Question

The solution set of the equation $3\left[x^2+\frac{1}{x^2}\right]+16\left[x+\frac{1}{x}\right]+26=0$ is

• A. $\left\{-1,-\frac{1}{3},-3\right\}$
• B. $\left\{1,\frac{1}{3},3\right\}$
• C. $\left\{-1,\frac{1}{3},3\right\}$
• D. $\left\{1,-\frac{1}{3},3\right\}$

Answer 1

The correct option is A

$\left\{-1,-\frac{1}{3},-3\right\}$

Explanation for the correct option:

Step 1: Rewrite the given equation.

In the question, an equation $3\left[x^2+\frac{1}{x^2}\right]+16\left[x+\frac{1}{x}\right]+26=0$ is given.

Assume that, $x+\frac{1}{x}=m...1$.

So,

$$\begin{gathered} {\left(x+\frac{1}{x}\right)}^2=m^2 \\ \Rightarrow x^2+\frac{1}{x^2}+2=m^2 \\ \Rightarrow x^2+\frac{1}{x^2}=m^2-2 \end{gathered}$$.
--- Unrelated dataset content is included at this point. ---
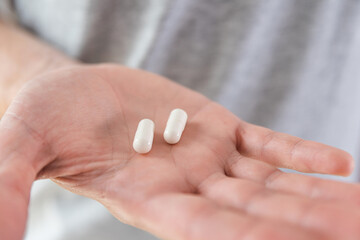 White capsules with collagen in male hand. Nutritional supplement, medicine, drug for joints protection, skin care, health care. Health support and treatment concept.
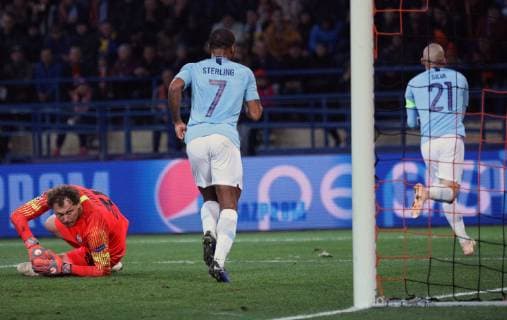 Fußball, CL, Schachtar Donezk - Manchester City Goalkeeper Andrii Piatov (L) of FC Shakhtar Donetsk lies on the pitch as midfielder Raheem Sterling of Manchester City FC jogs past during the UEFA Champions League Group F Matchday 3 game at the Metalist Stadium Regional Sports Complex, Kharkiv, northeastern Ukraine, October 23, 2018. Ukrinform. UCL: Shakhtar vs. Manchester City in Kharkiv  Copyright: xDanilxShamkinx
Therefore, the given equation becomes:

$$\begin{gathered} 3\left[m^2-2\right]+16m+26=0 \\ \Rightarrow 3m^2+16m+20=0 \end{gathered}$$

So, the given equation becomes $3m^2+16m+20=0$.
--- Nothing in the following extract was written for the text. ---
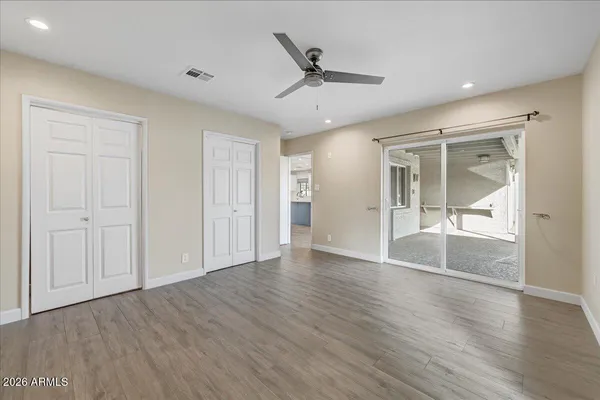an empty room with wooden floor and windows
Step 2: Find the solution of the derived equation.

Since, $3m^2+16m+20=0$.

We know that the solution of the equation $a{x}^2+bx+c=0$ can be given by $x=\frac{-b\pm \sqrt{b^2-4ac}}{2a}$.

So,

$$\begin{gathered} m=\frac{-16\pm \sqrt{{16}^2-4\left(3\right)\left(20\right)}}{2\left(3\right)} \\ \Rightarrow m=\frac{-16\pm \sqrt{256-240}}{6} \\ \Rightarrow m=\frac{-16\pm \sqrt{16}}{6} \\ \Rightarrow m=\frac{-16\pm 4}{6} \\ \Rightarrow m=-\frac{10}{3},-2 \end{gathered}$$

Therefore, the values of $m$ are $-\frac{10}{3}$ and $-2$.

Step 3: Find the solution of the given equation.
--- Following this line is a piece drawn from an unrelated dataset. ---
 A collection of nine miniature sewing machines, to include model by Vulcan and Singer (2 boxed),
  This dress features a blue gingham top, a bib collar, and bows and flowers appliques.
From the equation $1$ we have,

$x+\frac{1}{x}=m$

Since the values of $m$ are $-\frac{10}{3}$ and $-2$.

When $m=-2$.

$$\begin{gathered} x+\frac{1}{x}=-2 \\ \Rightarrow x^2+1=-2x \\ \Rightarrow x^2+1+2x=0 \\ \Rightarrow {(x+1)}^2=0 \\ \Rightarrow x=-1 \end{gathered}$$

When $m=-\frac{10}{3}$.

$$\begin{gathered} x+\frac{1}{x}=-\frac{10}{3} \\ \Rightarrow 3x^2+3=-10x \\ \Rightarrow 3x^2+10x+3=0 \\ \Rightarrow (x+3)(3x+1)=0 \\ \Rightarrow x=-3,-\frac{1}{3} \end{gathered}$$

Therefore, the solution set of the given equation is $\left\{-1,-\frac{1}{3},-3\right\}$.

Hence, option (A) is the correct answer.